Sobre cebolas e armaduras

Há muitos anos uma amiga começou a me chamar de "cebola", ela justificava o apelido carinhoso dizendo que assim como uma cebola eu tinha "várias camadas" e quase todo mundo acessava apenas as camadas mais superficiais. Me identificava com o apelido, mas não questionei os motivos ou mesmo que camadas eram essas. Lembro-me que na mesma época eu escrevia constantemente sobre sentir que tinha uma armadura que quase ninguém conseguia transpor e que as vezes era pesada e desconfortável, me impedia de ter relações profundas e saudáveis e muitas vezes afastava as pessoas de mim. Sempre gostei muito de gente, das histórias, das trocas, dos relacionamentos, mas eu simplesmente afastava as pessoas.
Com o tempo e depois de muita psicoterapia, fui compreendendo que a raiva era essa armadura pesada, essa primeira camada da cebola que ficava exposta e que acabava ficando mais dura como forma de proteção. Já faz um tempo que venho compreendendo que já não preciso mais da raiva para me proteger, ela foi um elemento de proteção muito importante durante minha infância e adolescência, mas agora já não é mais necessária, tenho autonomia, noção de limites e cultivo relações saudáveis o que me permite abrir mão dessa proteção, posto que agora construí um lugar de segurança onde posso habitar.
Segurança... É sobre isso que vim falar neste texto.
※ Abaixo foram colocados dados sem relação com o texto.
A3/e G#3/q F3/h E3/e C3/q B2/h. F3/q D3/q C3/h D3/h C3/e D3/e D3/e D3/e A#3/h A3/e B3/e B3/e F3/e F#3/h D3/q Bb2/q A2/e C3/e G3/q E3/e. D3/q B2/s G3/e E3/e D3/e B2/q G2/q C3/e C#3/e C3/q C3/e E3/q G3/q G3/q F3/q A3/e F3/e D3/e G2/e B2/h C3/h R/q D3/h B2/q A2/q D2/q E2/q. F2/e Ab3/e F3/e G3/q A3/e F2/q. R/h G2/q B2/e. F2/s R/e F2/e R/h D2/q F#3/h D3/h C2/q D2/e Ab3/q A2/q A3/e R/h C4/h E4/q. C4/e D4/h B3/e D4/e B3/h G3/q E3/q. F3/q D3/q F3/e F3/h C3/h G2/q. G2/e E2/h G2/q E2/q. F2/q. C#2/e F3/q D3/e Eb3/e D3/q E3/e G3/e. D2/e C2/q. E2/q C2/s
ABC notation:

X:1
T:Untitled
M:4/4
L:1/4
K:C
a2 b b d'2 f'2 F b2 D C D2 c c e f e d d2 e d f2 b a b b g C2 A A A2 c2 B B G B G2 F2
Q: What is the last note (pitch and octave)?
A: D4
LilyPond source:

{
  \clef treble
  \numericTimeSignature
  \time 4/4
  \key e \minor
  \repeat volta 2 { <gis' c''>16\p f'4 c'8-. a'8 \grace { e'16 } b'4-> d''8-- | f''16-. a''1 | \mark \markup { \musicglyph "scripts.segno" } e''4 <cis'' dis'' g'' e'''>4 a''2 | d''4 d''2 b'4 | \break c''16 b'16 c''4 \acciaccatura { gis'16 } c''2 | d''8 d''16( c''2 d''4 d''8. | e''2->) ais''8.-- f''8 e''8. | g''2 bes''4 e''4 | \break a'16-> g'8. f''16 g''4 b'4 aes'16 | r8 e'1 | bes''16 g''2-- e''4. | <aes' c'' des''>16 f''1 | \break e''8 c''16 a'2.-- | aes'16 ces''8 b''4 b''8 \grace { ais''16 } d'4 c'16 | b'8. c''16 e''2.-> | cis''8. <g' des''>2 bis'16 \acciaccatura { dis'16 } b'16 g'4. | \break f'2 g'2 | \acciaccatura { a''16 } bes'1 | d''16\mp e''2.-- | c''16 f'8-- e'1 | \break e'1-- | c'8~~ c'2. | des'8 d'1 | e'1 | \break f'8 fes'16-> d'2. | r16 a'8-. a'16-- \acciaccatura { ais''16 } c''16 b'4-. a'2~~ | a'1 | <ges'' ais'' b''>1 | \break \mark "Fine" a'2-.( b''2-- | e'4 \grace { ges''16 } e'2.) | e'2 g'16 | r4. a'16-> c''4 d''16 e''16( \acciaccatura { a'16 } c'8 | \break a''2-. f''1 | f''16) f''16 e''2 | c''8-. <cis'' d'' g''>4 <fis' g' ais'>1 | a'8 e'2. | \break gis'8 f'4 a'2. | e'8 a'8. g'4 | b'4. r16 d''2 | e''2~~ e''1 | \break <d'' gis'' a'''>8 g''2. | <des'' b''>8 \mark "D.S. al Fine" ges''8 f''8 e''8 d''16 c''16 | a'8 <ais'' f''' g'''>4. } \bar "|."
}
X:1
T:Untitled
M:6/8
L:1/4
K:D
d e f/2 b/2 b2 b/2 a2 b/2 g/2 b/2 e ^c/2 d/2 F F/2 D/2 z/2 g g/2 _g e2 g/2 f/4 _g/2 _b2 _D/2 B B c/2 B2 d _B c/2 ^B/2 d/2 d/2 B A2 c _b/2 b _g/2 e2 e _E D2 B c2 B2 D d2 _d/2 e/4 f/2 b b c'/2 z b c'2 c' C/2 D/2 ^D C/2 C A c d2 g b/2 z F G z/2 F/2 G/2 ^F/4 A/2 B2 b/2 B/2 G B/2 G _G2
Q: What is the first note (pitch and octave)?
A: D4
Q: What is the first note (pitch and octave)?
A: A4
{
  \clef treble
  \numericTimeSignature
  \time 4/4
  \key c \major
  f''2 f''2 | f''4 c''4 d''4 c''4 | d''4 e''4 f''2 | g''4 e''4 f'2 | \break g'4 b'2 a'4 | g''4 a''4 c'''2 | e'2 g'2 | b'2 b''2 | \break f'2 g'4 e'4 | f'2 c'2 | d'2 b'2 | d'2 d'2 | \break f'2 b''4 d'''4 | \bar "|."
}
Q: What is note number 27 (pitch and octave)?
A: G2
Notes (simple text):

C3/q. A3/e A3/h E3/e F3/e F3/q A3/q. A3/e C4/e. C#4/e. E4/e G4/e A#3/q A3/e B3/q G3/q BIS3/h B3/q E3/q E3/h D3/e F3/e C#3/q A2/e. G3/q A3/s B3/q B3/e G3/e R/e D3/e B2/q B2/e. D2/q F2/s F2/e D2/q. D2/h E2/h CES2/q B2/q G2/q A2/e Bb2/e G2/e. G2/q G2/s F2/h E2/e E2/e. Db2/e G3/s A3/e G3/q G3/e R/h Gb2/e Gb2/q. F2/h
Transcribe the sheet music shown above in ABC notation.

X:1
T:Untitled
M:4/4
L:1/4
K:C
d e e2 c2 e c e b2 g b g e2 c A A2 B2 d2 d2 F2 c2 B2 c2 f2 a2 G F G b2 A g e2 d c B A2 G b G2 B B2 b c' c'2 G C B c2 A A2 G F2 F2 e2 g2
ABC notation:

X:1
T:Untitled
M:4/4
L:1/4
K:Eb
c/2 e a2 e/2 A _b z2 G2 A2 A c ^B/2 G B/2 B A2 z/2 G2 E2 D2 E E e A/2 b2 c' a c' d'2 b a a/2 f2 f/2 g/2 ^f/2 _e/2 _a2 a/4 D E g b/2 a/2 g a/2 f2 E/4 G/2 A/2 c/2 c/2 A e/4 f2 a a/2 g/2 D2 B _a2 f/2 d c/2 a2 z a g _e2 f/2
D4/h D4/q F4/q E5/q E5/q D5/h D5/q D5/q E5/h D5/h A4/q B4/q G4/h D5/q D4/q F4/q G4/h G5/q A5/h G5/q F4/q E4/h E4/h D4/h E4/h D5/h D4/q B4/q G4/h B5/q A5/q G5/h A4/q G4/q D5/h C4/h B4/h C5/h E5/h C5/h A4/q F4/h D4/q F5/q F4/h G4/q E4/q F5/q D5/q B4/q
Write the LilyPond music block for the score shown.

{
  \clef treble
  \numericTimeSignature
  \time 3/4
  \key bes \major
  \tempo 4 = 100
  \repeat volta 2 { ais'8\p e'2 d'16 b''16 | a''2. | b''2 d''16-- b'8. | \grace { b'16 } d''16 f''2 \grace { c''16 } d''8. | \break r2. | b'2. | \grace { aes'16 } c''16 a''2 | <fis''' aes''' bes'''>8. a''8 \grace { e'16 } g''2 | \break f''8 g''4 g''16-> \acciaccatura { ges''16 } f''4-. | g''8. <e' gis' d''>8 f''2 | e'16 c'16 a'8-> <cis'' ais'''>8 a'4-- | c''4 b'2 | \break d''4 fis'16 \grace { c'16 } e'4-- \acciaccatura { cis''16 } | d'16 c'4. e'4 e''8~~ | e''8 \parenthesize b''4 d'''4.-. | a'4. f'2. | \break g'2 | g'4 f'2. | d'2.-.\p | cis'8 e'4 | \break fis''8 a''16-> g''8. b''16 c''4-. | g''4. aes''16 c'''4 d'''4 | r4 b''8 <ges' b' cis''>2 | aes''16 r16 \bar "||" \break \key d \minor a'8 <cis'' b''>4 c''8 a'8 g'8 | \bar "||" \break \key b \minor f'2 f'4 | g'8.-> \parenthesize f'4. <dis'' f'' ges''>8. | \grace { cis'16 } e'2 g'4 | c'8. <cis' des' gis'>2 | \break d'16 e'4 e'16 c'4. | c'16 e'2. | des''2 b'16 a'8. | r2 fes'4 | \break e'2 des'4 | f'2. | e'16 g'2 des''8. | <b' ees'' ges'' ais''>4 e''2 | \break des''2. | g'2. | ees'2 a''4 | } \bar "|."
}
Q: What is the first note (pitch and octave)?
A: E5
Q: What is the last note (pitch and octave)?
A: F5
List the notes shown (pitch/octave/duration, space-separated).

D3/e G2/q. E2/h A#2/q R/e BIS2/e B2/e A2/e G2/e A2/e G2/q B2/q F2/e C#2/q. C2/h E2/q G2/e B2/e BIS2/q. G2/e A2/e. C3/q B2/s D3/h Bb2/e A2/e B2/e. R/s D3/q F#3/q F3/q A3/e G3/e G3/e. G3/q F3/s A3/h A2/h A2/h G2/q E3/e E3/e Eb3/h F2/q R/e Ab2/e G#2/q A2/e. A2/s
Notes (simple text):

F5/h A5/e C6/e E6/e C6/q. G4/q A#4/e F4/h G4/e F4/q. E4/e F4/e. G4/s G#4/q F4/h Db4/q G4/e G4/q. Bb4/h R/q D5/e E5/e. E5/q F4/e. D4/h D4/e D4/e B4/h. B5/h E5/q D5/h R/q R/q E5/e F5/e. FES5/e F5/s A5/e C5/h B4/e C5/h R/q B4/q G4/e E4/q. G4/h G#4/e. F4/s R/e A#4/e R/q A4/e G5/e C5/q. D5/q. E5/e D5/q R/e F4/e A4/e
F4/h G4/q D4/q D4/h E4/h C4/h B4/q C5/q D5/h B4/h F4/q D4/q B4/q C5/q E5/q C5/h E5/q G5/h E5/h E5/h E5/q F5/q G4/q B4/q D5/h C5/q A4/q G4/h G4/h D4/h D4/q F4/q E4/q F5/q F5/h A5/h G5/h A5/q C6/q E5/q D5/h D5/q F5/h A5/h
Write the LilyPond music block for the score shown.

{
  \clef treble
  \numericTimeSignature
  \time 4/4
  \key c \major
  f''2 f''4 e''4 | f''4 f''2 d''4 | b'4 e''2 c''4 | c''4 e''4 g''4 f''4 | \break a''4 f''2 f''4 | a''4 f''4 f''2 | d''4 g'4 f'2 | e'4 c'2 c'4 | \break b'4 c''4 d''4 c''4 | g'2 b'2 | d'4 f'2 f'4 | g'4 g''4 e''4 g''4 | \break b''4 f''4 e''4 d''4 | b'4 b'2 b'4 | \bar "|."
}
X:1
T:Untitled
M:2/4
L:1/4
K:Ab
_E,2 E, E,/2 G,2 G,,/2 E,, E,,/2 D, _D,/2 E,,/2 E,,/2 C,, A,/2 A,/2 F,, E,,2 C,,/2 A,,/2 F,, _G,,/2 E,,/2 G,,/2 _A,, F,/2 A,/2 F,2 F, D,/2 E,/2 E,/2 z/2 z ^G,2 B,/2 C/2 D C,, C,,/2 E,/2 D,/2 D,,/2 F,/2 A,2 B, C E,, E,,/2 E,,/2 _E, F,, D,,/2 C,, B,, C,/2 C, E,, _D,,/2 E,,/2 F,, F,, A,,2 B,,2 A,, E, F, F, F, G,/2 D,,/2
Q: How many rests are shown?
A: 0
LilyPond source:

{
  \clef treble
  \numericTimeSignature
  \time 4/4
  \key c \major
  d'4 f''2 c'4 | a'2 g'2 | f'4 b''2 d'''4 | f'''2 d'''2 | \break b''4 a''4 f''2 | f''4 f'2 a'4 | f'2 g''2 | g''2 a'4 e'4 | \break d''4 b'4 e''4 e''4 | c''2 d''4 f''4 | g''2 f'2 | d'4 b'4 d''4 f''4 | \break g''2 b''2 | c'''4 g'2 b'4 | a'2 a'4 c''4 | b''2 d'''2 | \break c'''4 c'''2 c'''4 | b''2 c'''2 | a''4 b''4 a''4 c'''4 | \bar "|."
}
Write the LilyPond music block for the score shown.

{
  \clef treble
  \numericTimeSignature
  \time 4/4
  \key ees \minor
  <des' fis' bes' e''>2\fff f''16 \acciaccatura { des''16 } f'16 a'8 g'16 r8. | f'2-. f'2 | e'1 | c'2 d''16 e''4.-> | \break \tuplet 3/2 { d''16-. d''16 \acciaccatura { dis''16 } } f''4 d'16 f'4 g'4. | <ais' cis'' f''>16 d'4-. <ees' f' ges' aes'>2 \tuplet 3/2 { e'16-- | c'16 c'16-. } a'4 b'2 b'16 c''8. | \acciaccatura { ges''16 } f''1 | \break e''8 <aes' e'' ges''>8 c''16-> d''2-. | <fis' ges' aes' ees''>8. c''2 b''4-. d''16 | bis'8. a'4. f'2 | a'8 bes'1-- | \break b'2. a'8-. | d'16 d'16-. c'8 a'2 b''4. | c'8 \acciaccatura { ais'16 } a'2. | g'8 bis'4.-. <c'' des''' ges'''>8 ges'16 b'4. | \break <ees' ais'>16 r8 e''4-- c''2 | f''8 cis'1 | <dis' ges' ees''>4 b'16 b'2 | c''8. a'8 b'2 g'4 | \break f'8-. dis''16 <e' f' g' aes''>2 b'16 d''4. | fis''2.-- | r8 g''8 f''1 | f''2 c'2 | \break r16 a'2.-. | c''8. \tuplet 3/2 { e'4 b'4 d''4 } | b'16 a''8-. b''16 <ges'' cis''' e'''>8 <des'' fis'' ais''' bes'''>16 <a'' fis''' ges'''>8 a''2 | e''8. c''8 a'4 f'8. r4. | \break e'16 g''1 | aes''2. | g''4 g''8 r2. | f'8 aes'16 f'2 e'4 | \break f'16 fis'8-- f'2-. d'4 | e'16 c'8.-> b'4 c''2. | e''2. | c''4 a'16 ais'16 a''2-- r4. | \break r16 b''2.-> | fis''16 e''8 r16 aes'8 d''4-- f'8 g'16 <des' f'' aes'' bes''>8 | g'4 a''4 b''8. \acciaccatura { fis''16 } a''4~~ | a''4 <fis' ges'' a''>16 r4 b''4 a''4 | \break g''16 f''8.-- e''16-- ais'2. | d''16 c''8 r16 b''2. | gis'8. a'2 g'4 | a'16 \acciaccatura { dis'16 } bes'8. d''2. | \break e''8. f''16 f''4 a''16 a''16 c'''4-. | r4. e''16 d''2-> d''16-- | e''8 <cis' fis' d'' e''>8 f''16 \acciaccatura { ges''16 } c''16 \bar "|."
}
Agora que compreendi a primeira camada e a flexibilizei, fui obrigada a olhar para a camada seguinte e debaixo da raiva e das posturas defensivas adivinhem o que eu encontrei: a insegurança!
Logo eu que fui na maior parte da vida esse ser com tantas certezas absolutas, levantando tantas bandeiras, adorando se enfiar até o topo da cabeça em qualquer instituição que de alguma forma me desse orientações de quais caminhos seguir e no que acreditar. Logo eu essa mulher tão forte, que parece sempre saber exatamente para onde está indo e que deixa as pessoas ao seu redor com essa sensação constante de segurança. Sério?! Logo eu? Insegura, eu?!
Pois sim! Passei os últimos dois anos inteirinhos me debatendo com isso que estava chamando de síndrome da impostora e na realidade agora me dou conta de que era eu abrindo mão da primeira camada e tomando consciência da segunda. Antes me protegia com a raiva porque tenho medo, porque as violências que vivi me fizeram acreditar que as coisas eram ruins porque eu não era boa o suficiente, porque eu causava problemas ou por não ser capaz de solucioná-los. Me fizeram acreditar que o mundo todo é violento e que eu preciso gritar para conseguir o que quero, sair no soco para garantir meu lugar e agir de forma brutal (e de preferencia nem um pouco "feminina") para conseguir garantir algum sucesso na vida.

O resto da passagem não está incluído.